I joined the walk from the Embarcadero to City Hall in San Francisco. By comparison with lots of previous marches, this was not a huge crowd. Maybe somewhere in the five to eight thousand range? It's hard to tell in a narrow corridor. But the wonderful Brad Newsham who pioneered organizing human protest messages on Ocean Beach reports that Saturday's crowd there, the same morning was some seven thousand participants! That's San Francisco too.

And, quite intentionally, these No Kings events were meant to show our faces everywhere, totaling over 3,000 locations nationwide and probably 8 million people overall.

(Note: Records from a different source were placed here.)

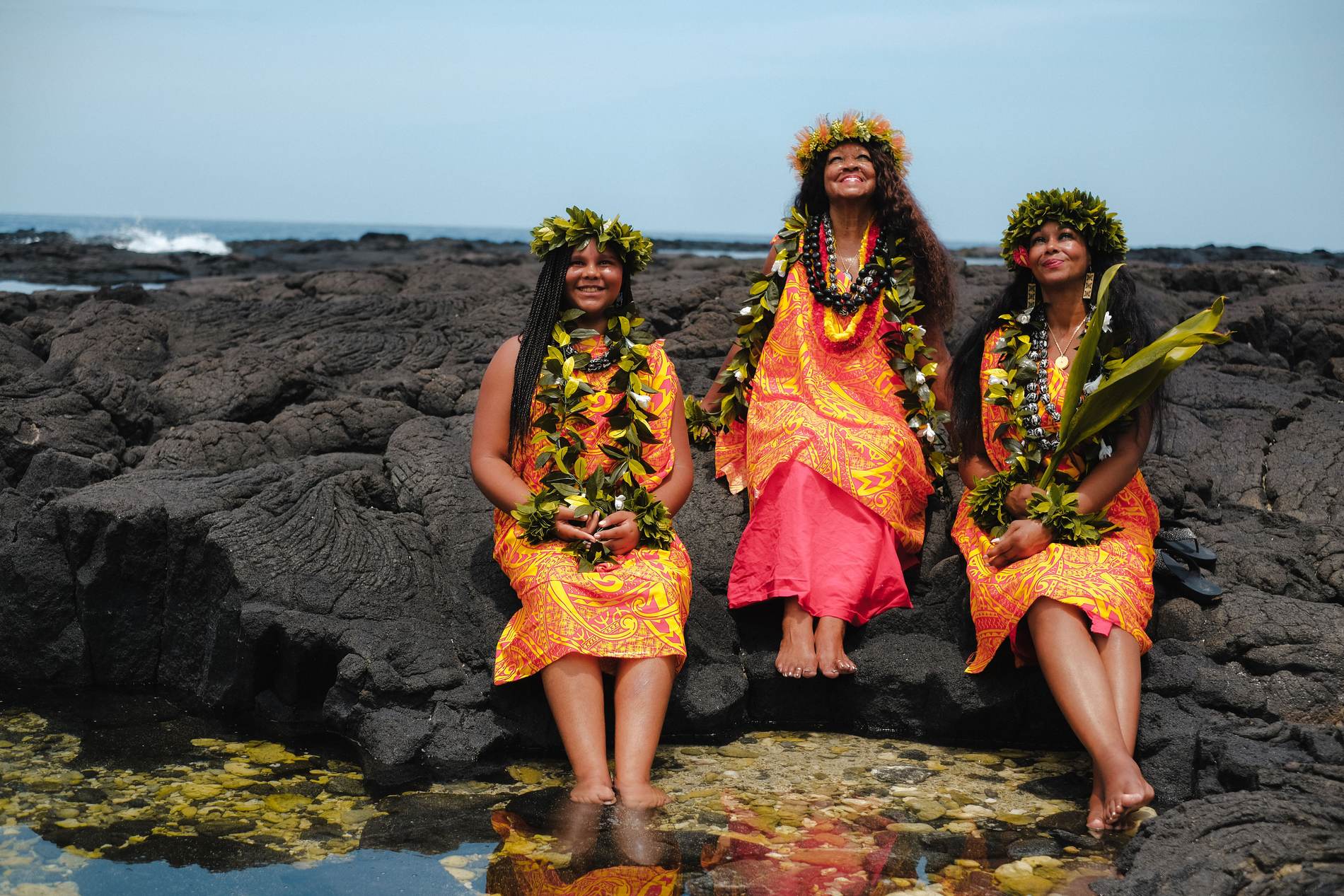Kahu Kāhealani laughing with her daughter and granddaughter on the lava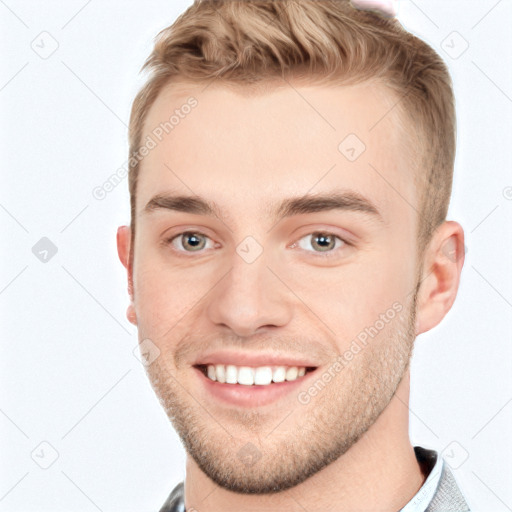 Joyful white young-adult male with short  brown hair and grey eyes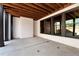 Covered patio featuring concrete flooring, painted brick, and black support beams at 320 Dodd Ln, Alpharetta, GA 30005
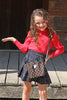 RED TURTLE NECK WITH PUFFY SHOULDER TOP & BLACK PLEATED SKIRT. OFG651322038-AMY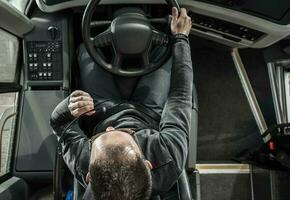 Coach Bus Driver Behind the Vehicle Talking to Vehicle Intercom Wheel Top View photo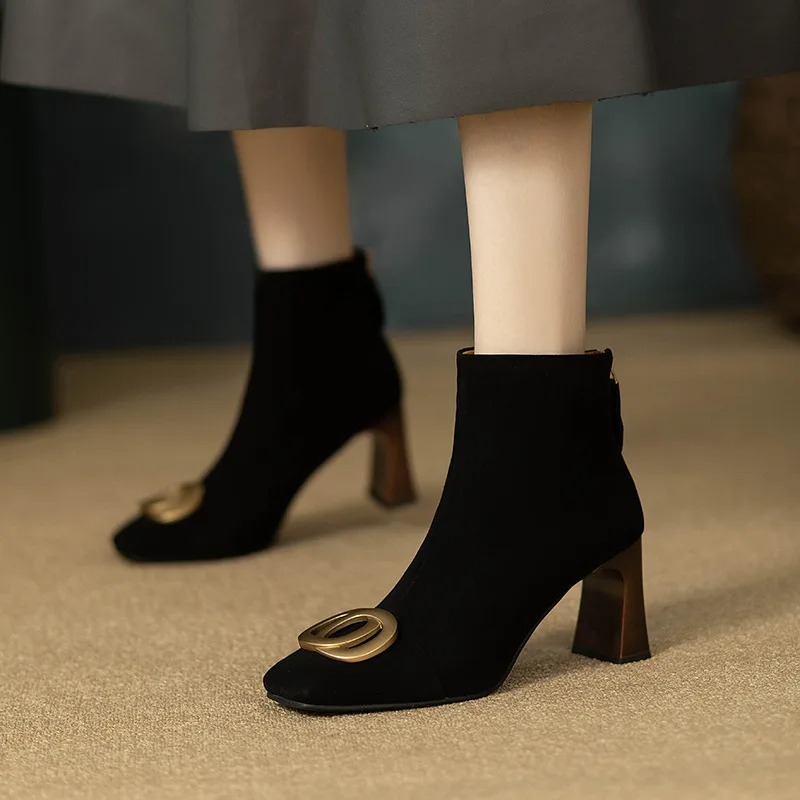 Black velvet ankle boots with block heel and gold O-ring buckle detail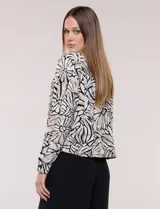Camperita liviana de silueta entallada y largo a la cintura, con cuello camisero, cierre frontal de botones, mangas largas y bolsillos con solapa en el pecho. Presenta estampado animal print.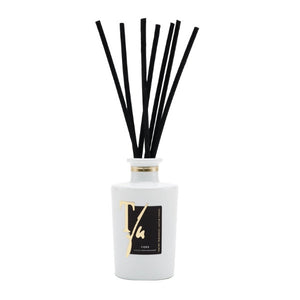 Teatro - Luxury Collection - Fiore - Diffusor präsentiert weißen Flakon mit goldener Schrift und schwarzen Diffusorstäbchen schlicht arrangiert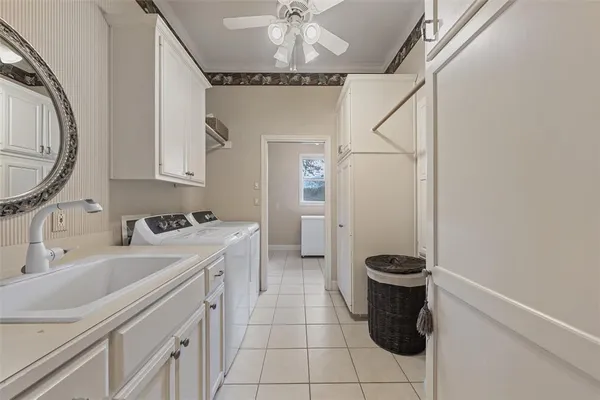 a bathroom with a sink vanity mirror and toilet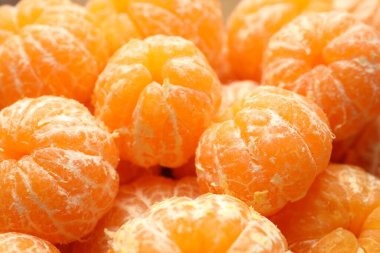 Arka plan olarak birçok olgun soyulmuş mandalina, yakın plan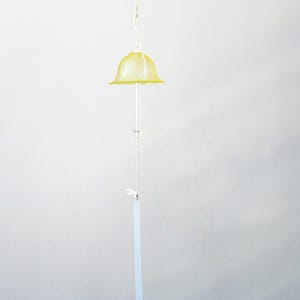Pode incluir: Um sino de vento pendurado com um topo em forma de sino amarelo. O sino tem uma haste transparente e fina e uma corda branca com pequenas contas transparentes. Uma etiqueta retangular pende na parte inferior.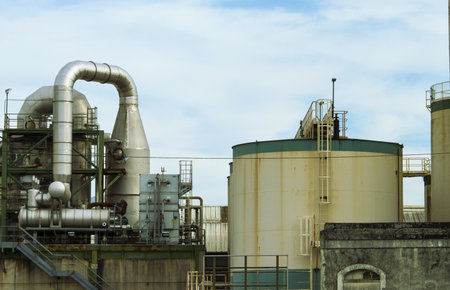 A large industrial complex featuring prominent storage tanks and intricate networks of metal pipes and machinery under a cloudy sky.の写真素材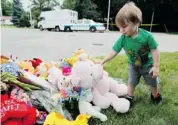  ?? JOHN WOODS/THE CANADIAN PRESS ?? A toddler places a stuffed toy on a memorial for Anna, 2, and three-month-old Nicholas, who were killed by their mother Lisa Gibson in Winnipeg this past July.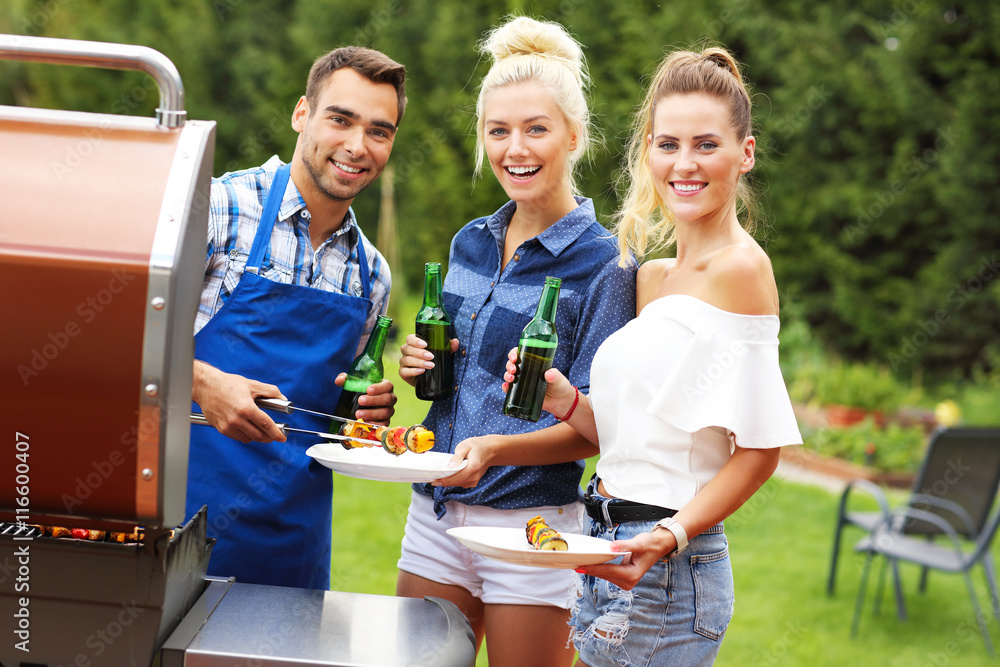 Wall mural group of friends having barbecue party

Who came out to Market Street? 

• Sure, there were lots of white-haired old timers. The Bay has a good supply of us. But my observation (and my hundreds of photos) show that as many as half were "middle generation," 30-65, sometimes with kids, workers who get Saturday off, the kind of folks whose jobs usually don't require them to get dirty. They may earn more than the national median income, but in this town, that doesn't mean they are affluent. 

• There were many people from visibly Asian origins. More than the white folks, these people seemed quite likely to come from the class of workers who do jobs that do require them to get dirty.

• A lot of people appeared to be what I call "Californian," folks who don't look exactly "white" but whose ethnicity is not obvious. 

• There were plenty of gay men, slightly unusual for a broad spectrum San Francisco march. Perhaps some were government employees who sniff out bad times ahead?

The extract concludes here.